● **Your goal**
Starting with the line that contains "2024 Chevrolet Silverado", copy every line through the end of the data below, exactly and with nothing added.

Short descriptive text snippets
********

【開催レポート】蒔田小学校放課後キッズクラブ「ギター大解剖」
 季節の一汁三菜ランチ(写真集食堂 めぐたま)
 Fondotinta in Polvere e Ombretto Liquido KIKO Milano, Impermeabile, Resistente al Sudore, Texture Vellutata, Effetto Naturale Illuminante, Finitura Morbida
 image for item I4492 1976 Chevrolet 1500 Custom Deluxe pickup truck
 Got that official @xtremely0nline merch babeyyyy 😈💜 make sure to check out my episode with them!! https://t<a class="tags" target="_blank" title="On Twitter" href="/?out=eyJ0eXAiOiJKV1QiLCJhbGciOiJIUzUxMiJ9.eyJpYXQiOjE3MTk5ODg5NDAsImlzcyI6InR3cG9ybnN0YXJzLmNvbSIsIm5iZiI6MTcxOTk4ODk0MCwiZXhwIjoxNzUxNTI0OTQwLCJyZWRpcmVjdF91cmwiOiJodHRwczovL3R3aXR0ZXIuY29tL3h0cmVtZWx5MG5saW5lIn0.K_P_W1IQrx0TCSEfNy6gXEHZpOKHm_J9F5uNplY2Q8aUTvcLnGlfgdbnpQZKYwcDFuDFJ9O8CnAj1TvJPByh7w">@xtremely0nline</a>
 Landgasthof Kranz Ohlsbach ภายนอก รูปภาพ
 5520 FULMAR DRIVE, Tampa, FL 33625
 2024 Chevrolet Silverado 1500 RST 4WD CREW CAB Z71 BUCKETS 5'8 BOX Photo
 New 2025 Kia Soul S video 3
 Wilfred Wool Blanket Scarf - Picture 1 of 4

********

● **Reply to the task**
 2024 Chevrolet Silverado 1500 RST 4WD CREW CAB Z71 BUCKETS 5'8 BOX Photo
 New 2025 Kia Soul S video 3
 Wilfred Wool Blanket Scarf - Picture 1 of 4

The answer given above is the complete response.